# PROBLEM TO WORK ON
Could you please reproduce the entries exactly, leaving out any pictures?

------------------------------------------------------------------------

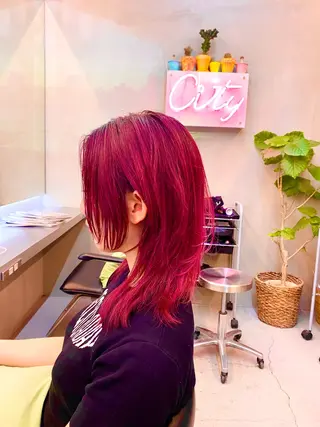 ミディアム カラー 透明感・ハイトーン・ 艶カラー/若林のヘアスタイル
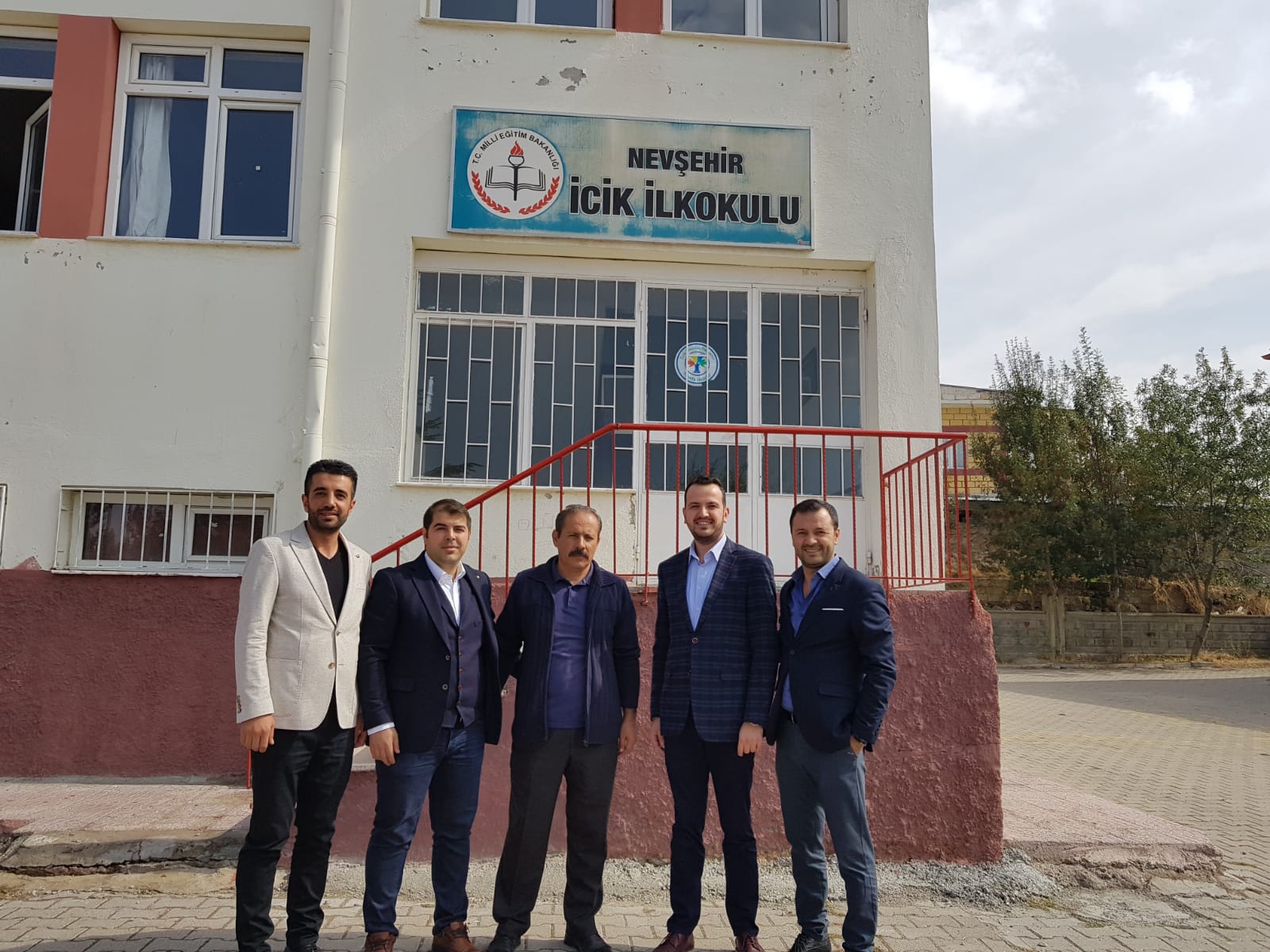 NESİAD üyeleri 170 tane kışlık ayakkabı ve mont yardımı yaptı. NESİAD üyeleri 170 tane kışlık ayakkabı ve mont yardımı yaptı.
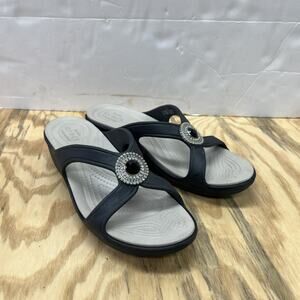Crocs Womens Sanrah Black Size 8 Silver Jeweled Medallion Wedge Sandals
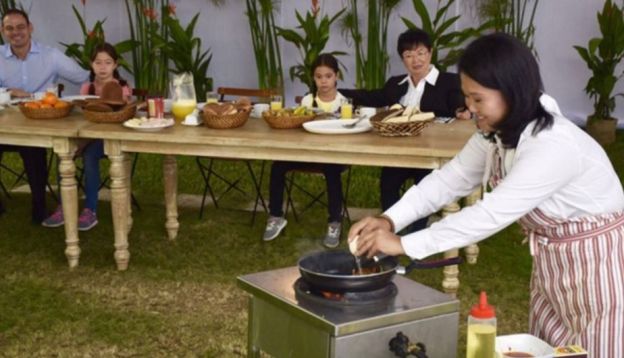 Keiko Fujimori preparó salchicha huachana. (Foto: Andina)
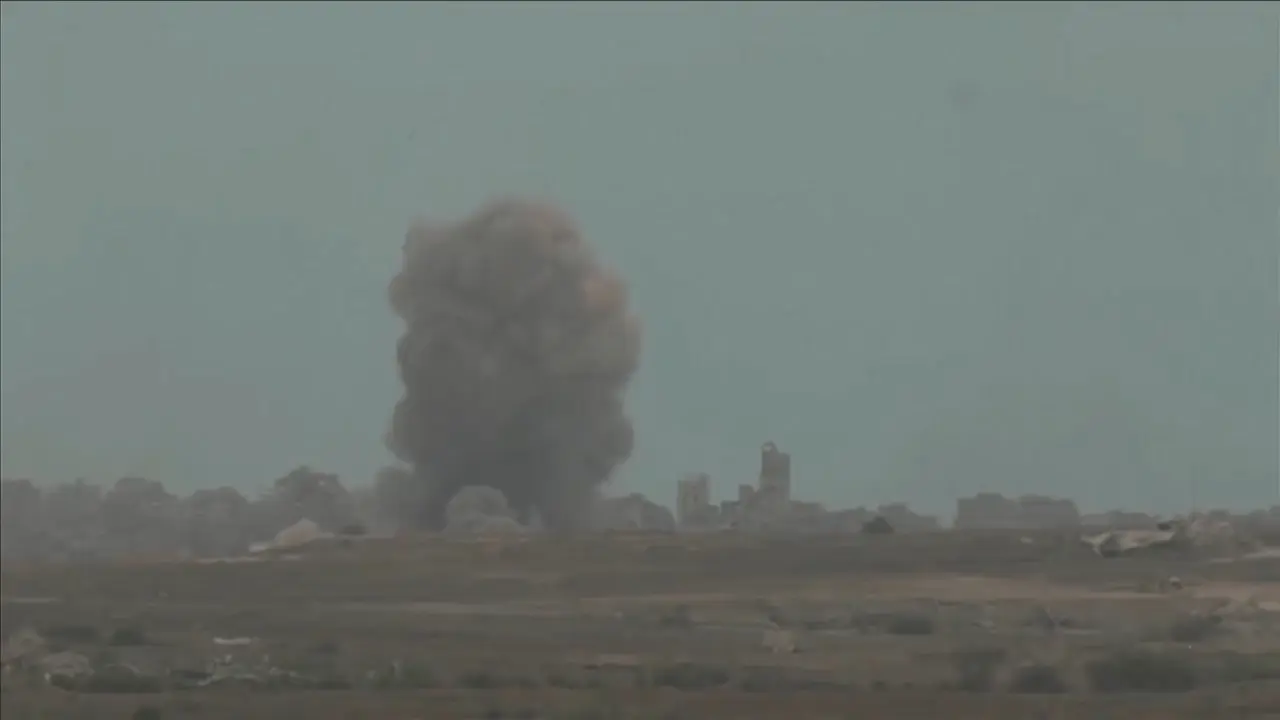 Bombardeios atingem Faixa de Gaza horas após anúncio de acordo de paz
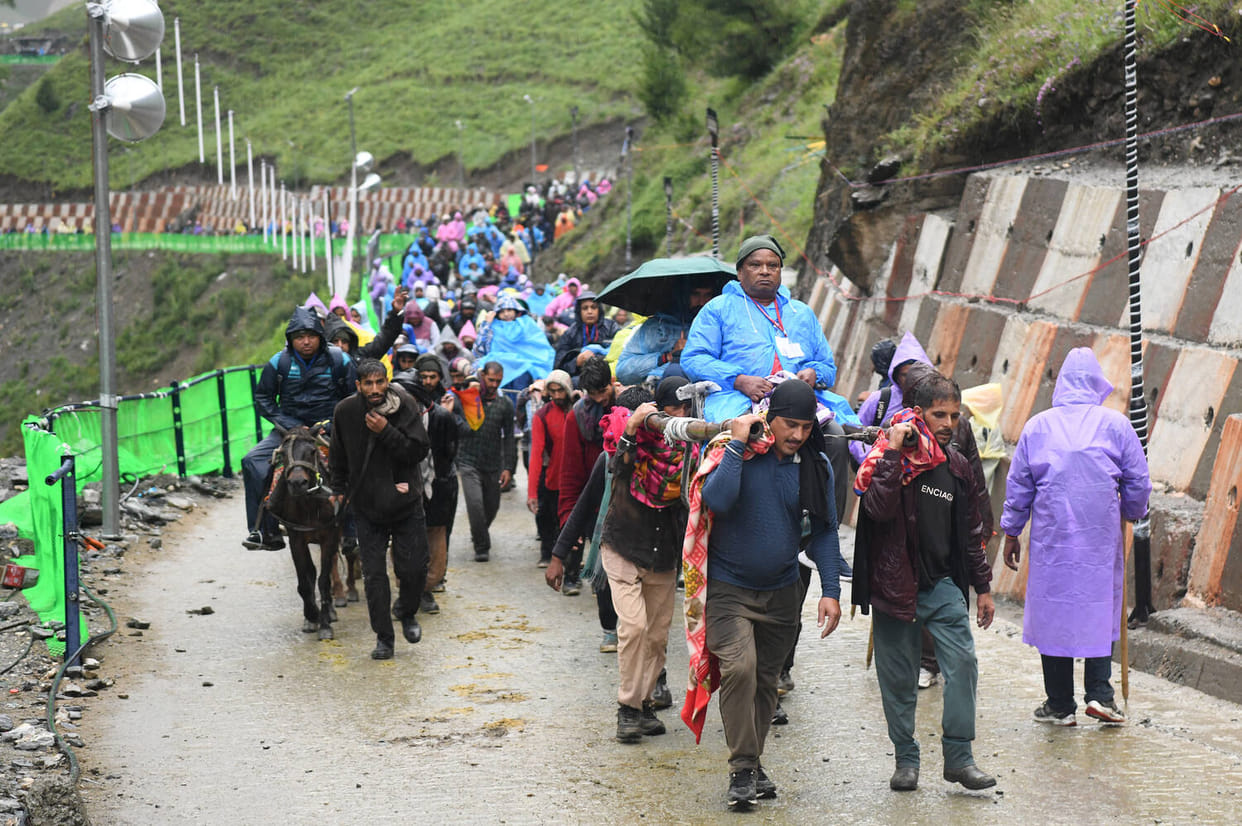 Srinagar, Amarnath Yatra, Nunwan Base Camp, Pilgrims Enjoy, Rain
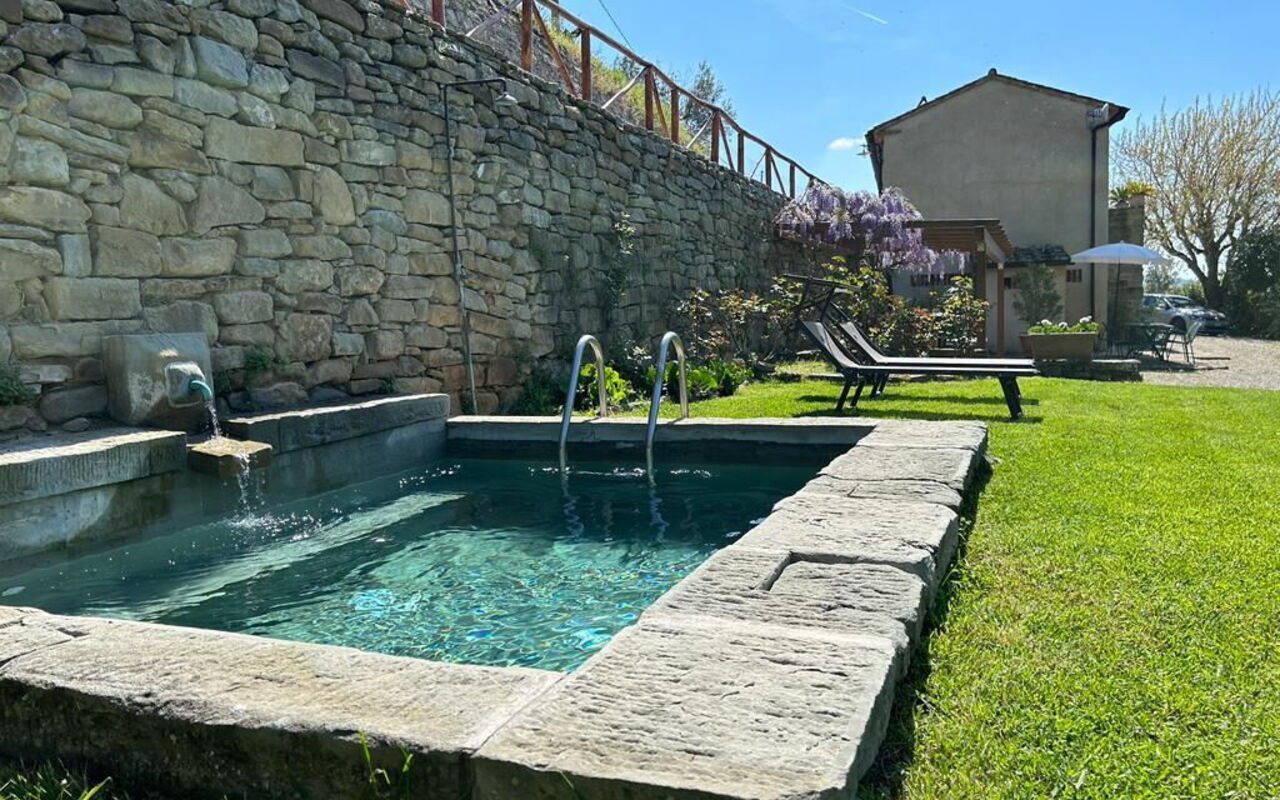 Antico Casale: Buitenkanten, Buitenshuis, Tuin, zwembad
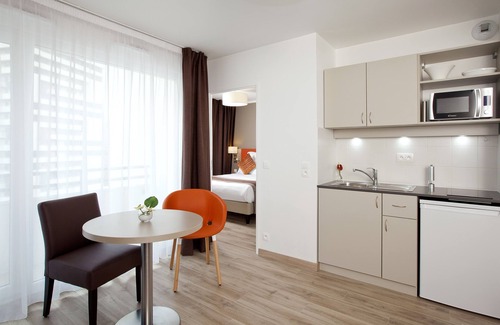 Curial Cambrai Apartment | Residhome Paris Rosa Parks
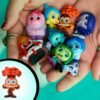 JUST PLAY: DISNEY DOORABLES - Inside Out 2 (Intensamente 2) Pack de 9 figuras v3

------------------------------------------------------------------------

# SOLUTION BELOW
 ミディアム カラー 透明感・ハイトーン・ 艶カラー/若林のヘアスタイル
 NESİAD üyeleri 170 tane kışlık ayakkabı ve mont yardımı yaptı. NESİAD üyeleri 170 tane kışlık ayakkabı ve mont yardımı yaptı.
Crocs Womens Sanrah Black Size 8 Silver Jeweled Medallion Wedge Sandals
 Keiko Fujimori preparó salchicha huachana. (Foto: Andina)
 Bombardeios atingem Faixa de Gaza horas após anúncio de acordo de paz
 Srinagar, Amarnath Yatra, Nunwan Base Camp, Pilgrims Enjoy, Rain
 Antico Casale: Buitenkanten, Buitenshuis, Tuin, zwembad
 Curial Cambrai Apartment | Residhome Paris Rosa Parks
 JUST PLAY: DISNEY DOORABLES - Inside Out 2 (Intensamente 2) Pack de 9 figuras v3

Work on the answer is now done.